- _SUPPLIED INFORMATION_
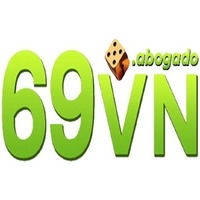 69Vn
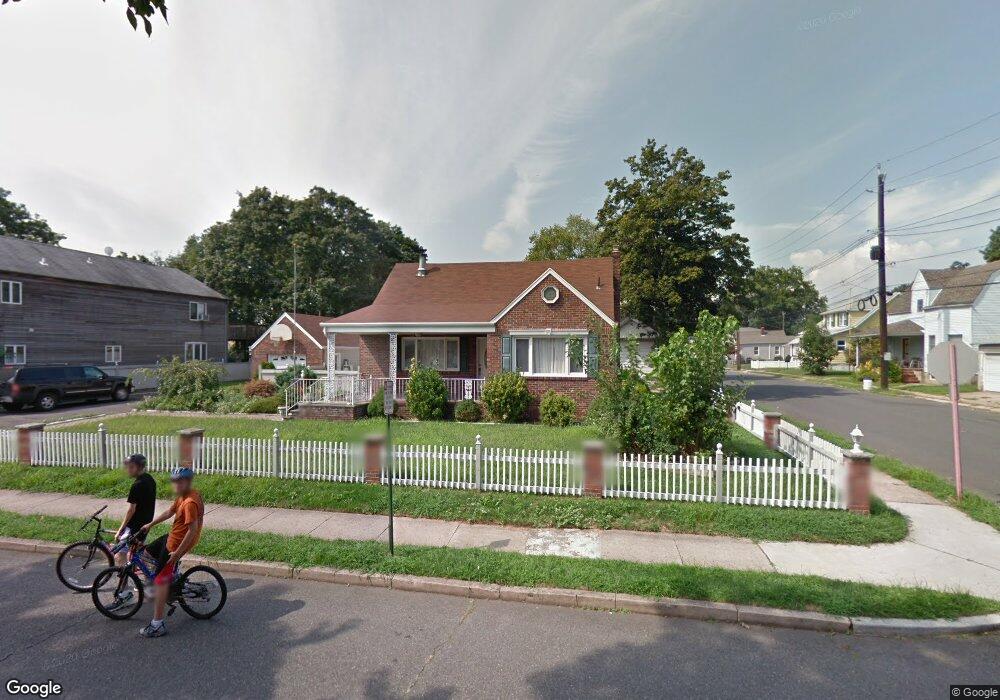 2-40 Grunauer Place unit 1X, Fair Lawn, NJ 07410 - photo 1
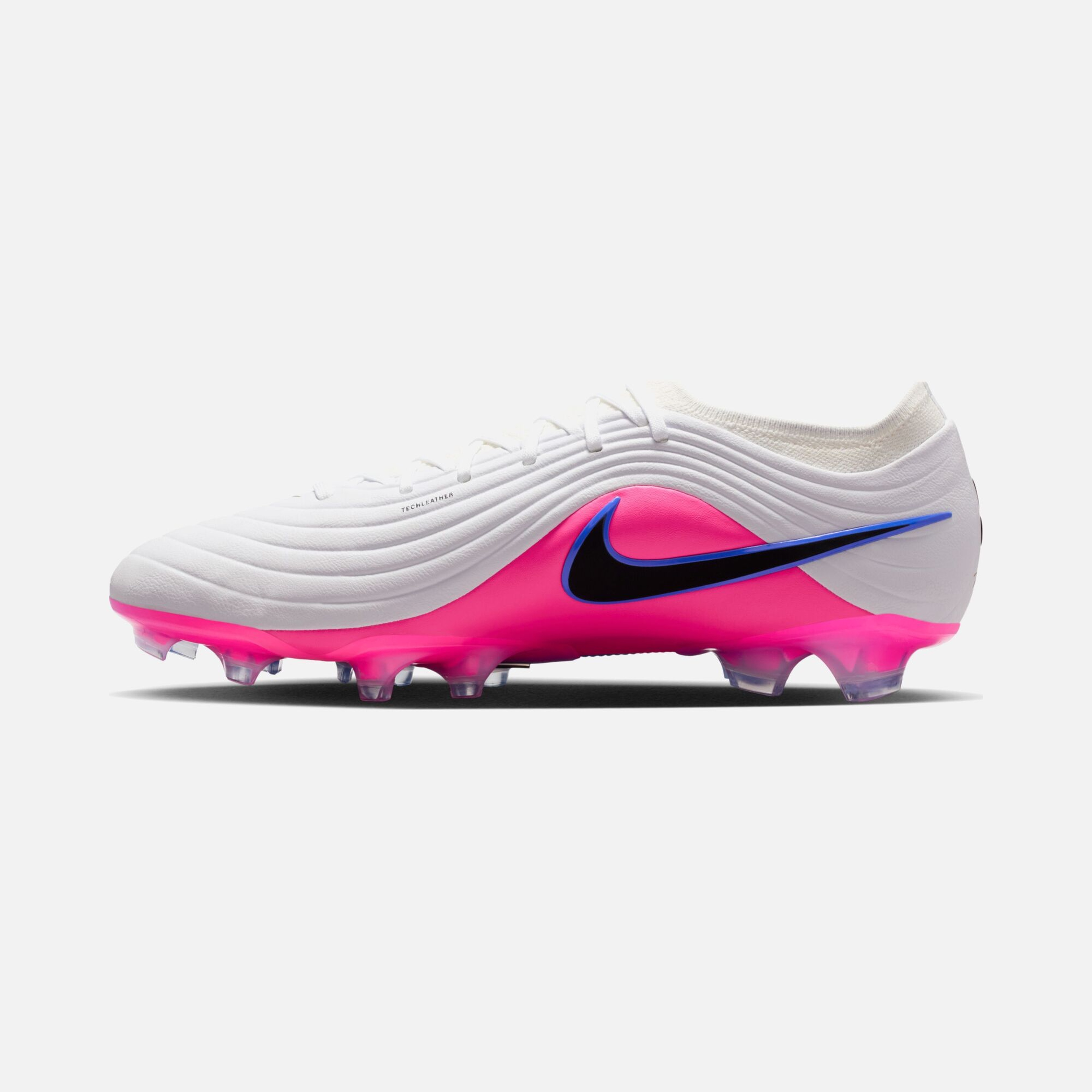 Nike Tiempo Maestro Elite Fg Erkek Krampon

- _EXERCISE DETAILS_
Repeat the listing above exactly, omitting the pictures it contains.

- _SOLUTION_
 69Vn
 2-40 Grunauer Place unit 1X, Fair Lawn, NJ 07410 - photo 1
 Nike Tiempo Maestro Elite Fg Erkek Krampon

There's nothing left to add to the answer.